Garden Of Stones by Sophie Littlefield – 301 pages

Book Blurb:

In the dark days of war, a mother makes the ultimate sacrifice. Lucy Takeda is just fourteen years old, living in Los Angeles, when the bombs rain down on Pearl Harbor. Within weeks, she and her mother, Miyako, are ripped from their home, rounded up-along with thousands of other innocent Japanese-Americans-and taken to the Manzanar prison camp.
Buffeted by blistering heat and choking dust, Lucy and Miyako must endure the harsh living conditions of the camp. Corruption and abuse creep into every corner of Manzanar, eventually ensnaring beautiful, vulnerable Miyako. Ruined and unwilling to surrender her daughter to the same fate, Miyako soon breaks.
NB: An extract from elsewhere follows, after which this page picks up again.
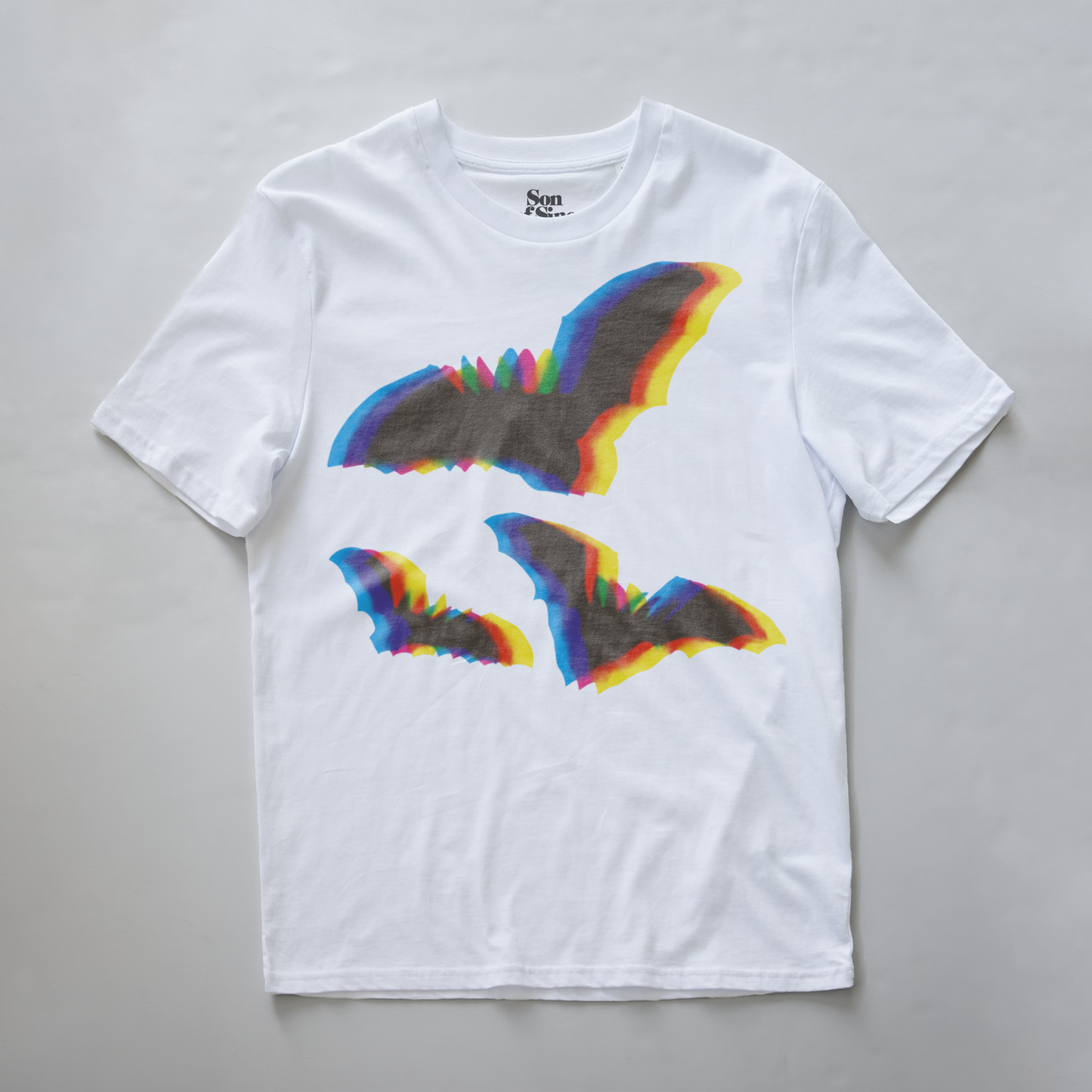 An electronic music t-shirt with a graphic print of two bats in the center, featuring a rainbow chromatic aberration effect.The inner neck label shows the brand 'Son of Sine'.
Her final act of desperation will stay with Lucy forever…and spur her to sins of her own.

My Review: 3.5 stars

This book has all the components of a winner for me: mother/daughter relationships, historical fiction, descriptive scenes and crafty writing, yet I lacked a deep emotional connection to it. The murder at the beginning of the story gets slightly put aside from the story as the POV’s of both the mother (1941) and daughter (1978) take over, which becomes the heart of the book. Both of these women suffered from their beauty and being in an internment camp only heightened this problem. The staggering difference between the ugliness of the camp and the beauty/goodness of these characters was evident. Having a character from more current times, the granddaughter, be the link to the past worked well. I feel this book could’ve stood on its own without the murder and I would’ve liked to know more about what happened to the characters from the motel, as they were integral to who Lucy became. Definitely worth reading, interesting time period in American history that isn’t often discussed.

Quotes I liked:

Lucy thought of the clusters of women in the ironing house, gossiping and laughing over their work, or even fussing over sick children together. Sharing moments of levity and grief. Wasn’t that the way a woman’s life was supposed to be?

In the dream, Miyako’s face and limbs were so thin that her bones protruded. Only her torso remained plump and full, the silky fabric stretched tight across her belly, her breast. Worry. She was made of worry, her skin stretched with it, her body stuffed with it, like one of those olives stuffed with bright red pimento.